Nietzsche: el instante de Dionisos

Muchos consideran que el primer Nietzsche es el más valioso. En sus consideraciones acerca del origen de la tragedia se conserva una visión general del mundo que conmueve y persuade por su honda intensidad.


De acuerdo a Nietzsche, las deidades griegas de Apolo y Dionisos, figuras muy ligadas al arte, dan la impresión de ser altamente antagónicas, dentro del marco del mundo helénico, por ejemplo, contempladas en la apolínea escultura en contraposición a la dionisiaca música. Estas dos potencias espirituales se incentivan mutuamente la mayor parte de las veces, generando una dialéctica creadora, en un rasgo muy hegeliano de este primer Nietzsche, que será desechado en años posteriores.

Sin embargo, lo que no cambiará en el talante filosófico de este pensador alemán, será la perspectiva de la vivencia filosófico-mística producida por un acercamiento estético a la condición humana.

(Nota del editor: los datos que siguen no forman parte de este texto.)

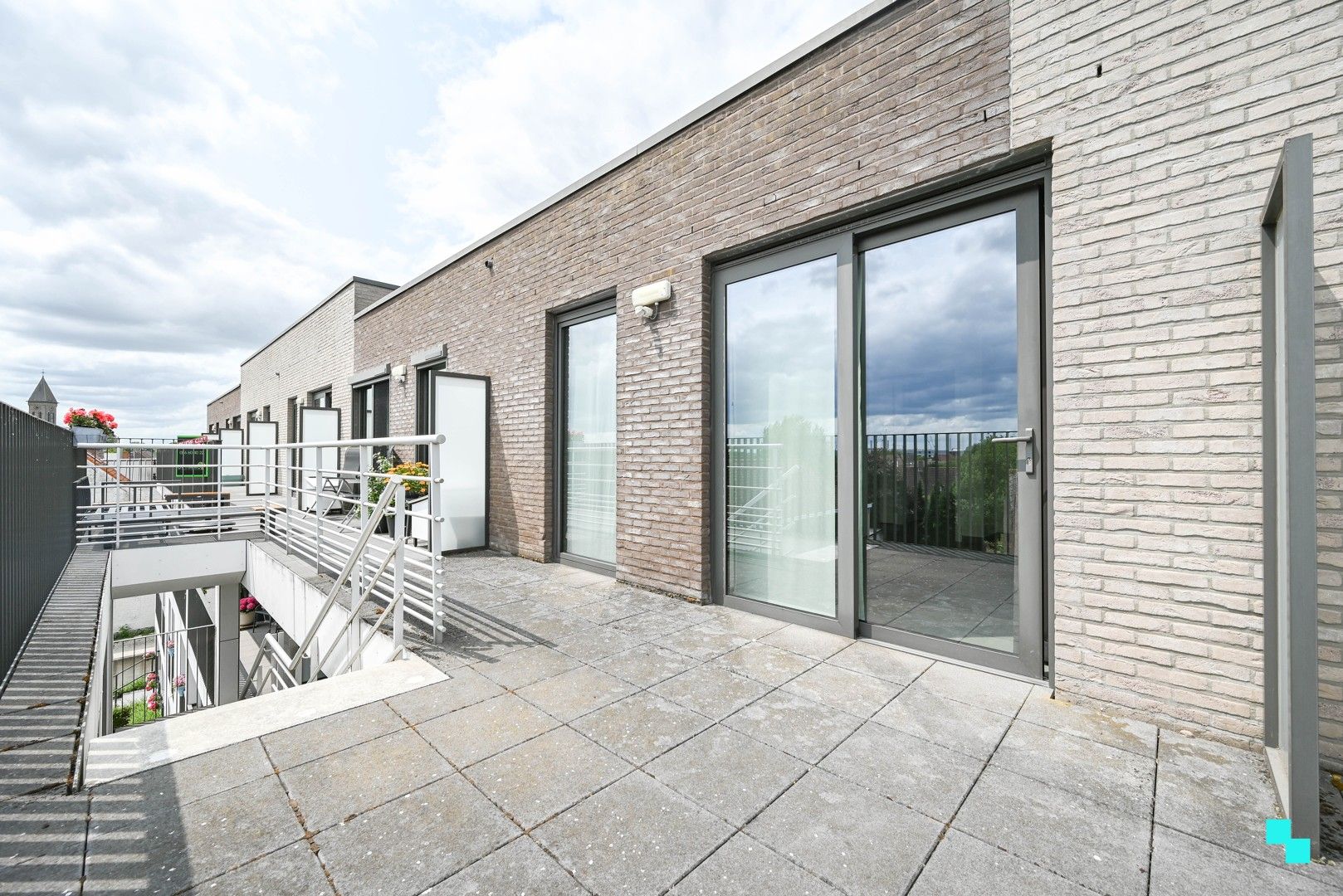 Charmant tweeslaapkamerappartement nabij centrum foto 15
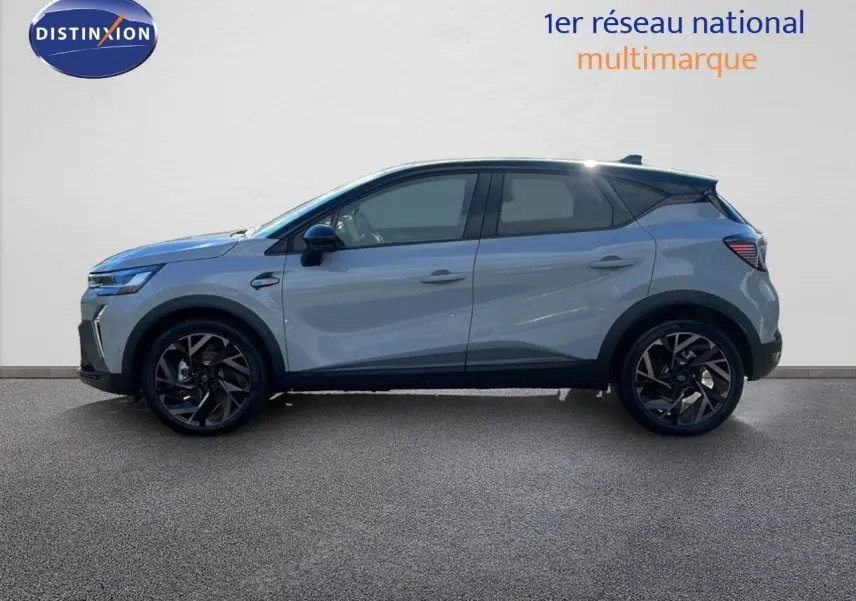 Profil côté gauche du Renault Captur E-Tech hybride 2025 gris rafale métal avec toit noir et jantes noires biton.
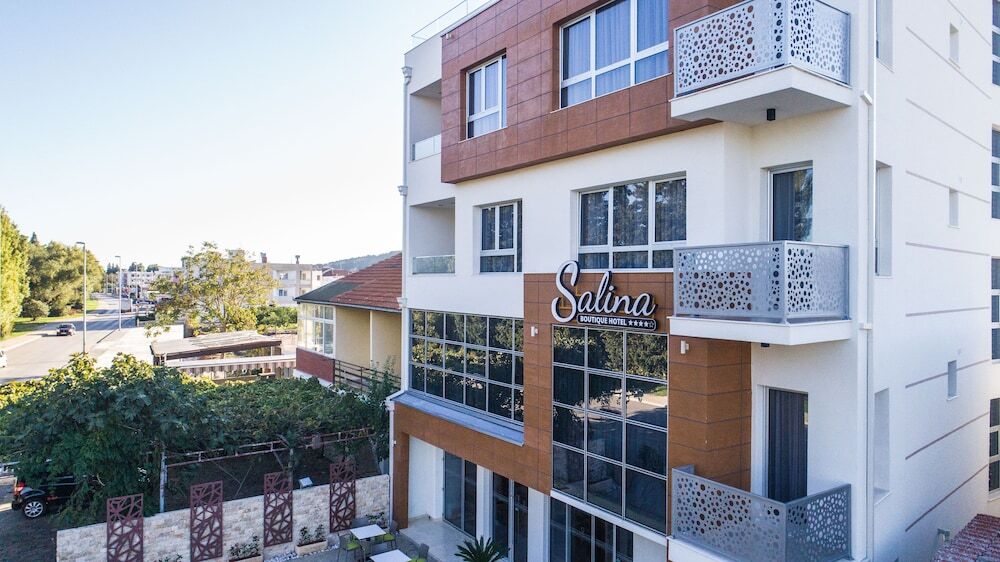Hotel Salina - last minute hotel in Ulcinj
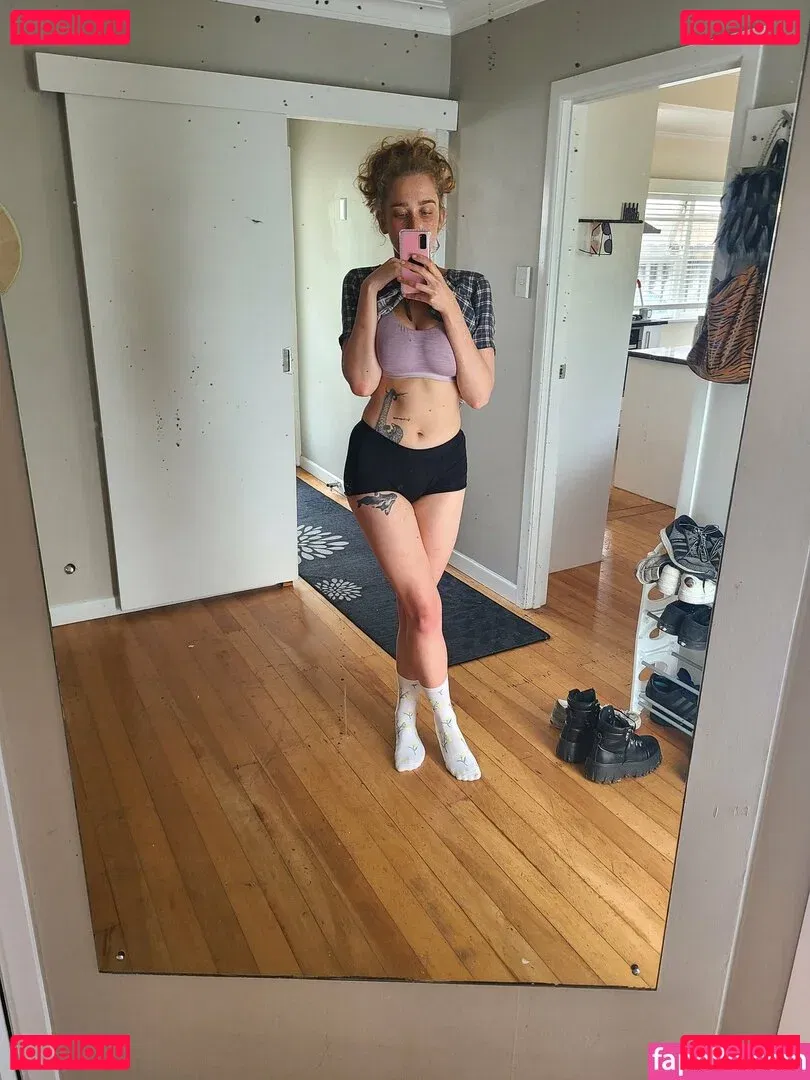 Nova Onasi Onlyfans Photo Gallery 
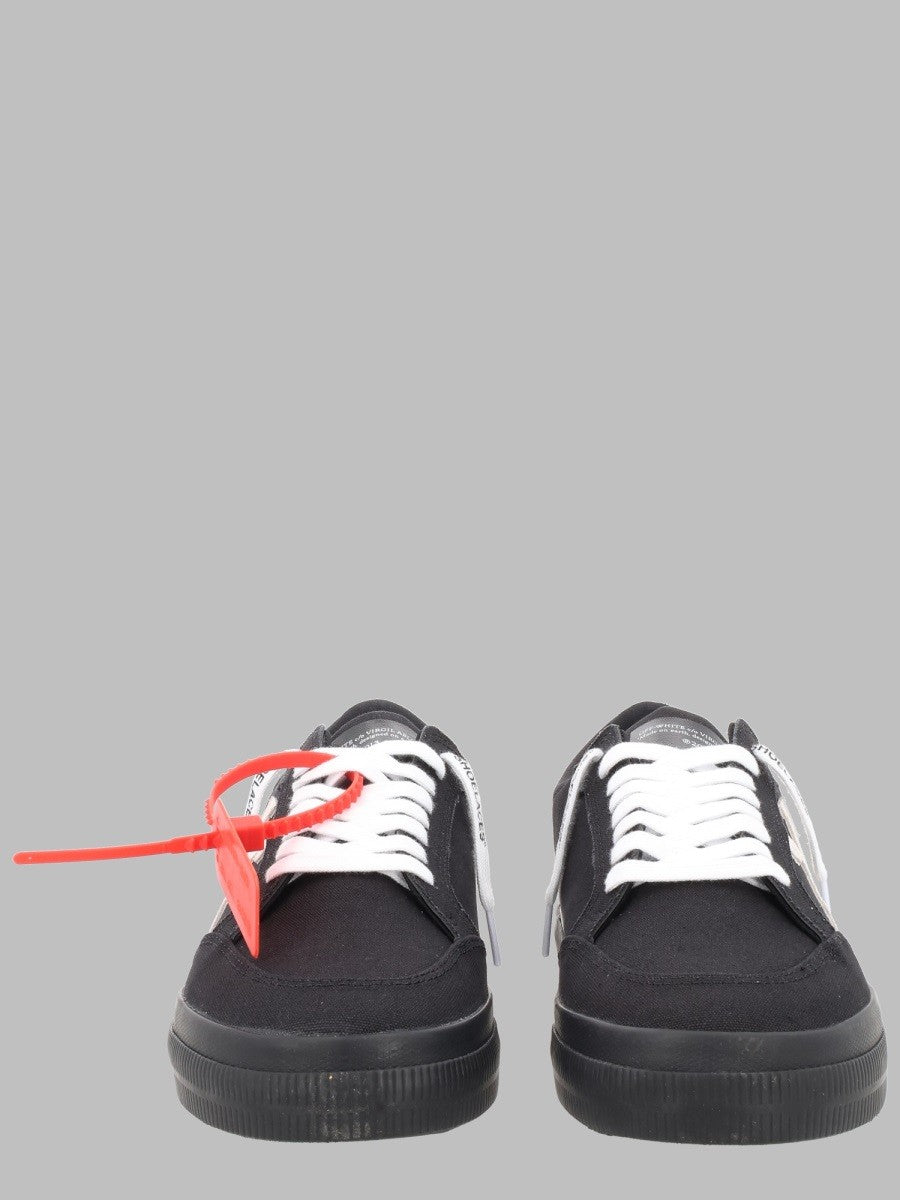 Off-White Men's Sneaker Vulc Low Black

Y así, Nietzsche expresa que, superando el principio individuador con el que nos pensamos en relación a nuestro entorno, es decir, cuando acercamos nuestra veta apolínea y la dejamos partir a la embriaguez dionisiaca de una subjetividad liberada, se tiene una vivencia singular, bella y transformadora.

En ese estado alternativo de conciencia se renueva la alianza entre los humanos con la naturaleza. Dionisos se manifiesta en una celebración de pluralidad y fecundidad: los animales hablan y la tierra produce leche y miel. La humanidad percibe su propia esencia de misterio divino, que no tiene otro referente más que la infinitud. El hombre transita de ser un artista a la más prodigiosa obra de arte.

Nada hay de extraordinario en estas manifestaciones: el mundo es tal cual, y sus apariencias representativas son las mismas y están regidas bajo las usuales categorías. Sin embargo, ha sucedido algo extraordinario, nuestra conciencia fenoménica, la sabiduría de Apolo, se reconoce, cuando percibe el corazón secreto del mundo, como Dionisos.

Cuando ambas potencias se reconcilian, la realidad, sin dejar de manifestarse como siempre lo ha venido haciendo, se muestra a los humanos como el primero de una serie de velos, que ocultan siempre un precioso núcleo de radiante misterio. La última cortina es la de la propia personalidad. Cuando por fin se corre esta última frontera es cuando se da el arribo de lo inefable, y todo puede expresarse sin necesidad de decir nada.

La deidad se mira en el espejo por unos instantes y se descubre en la diversidad. Un breve recuerdo, una nueva eternidad, y pronto el perenne retorno del olvido vital, la condición de ser de lo humano.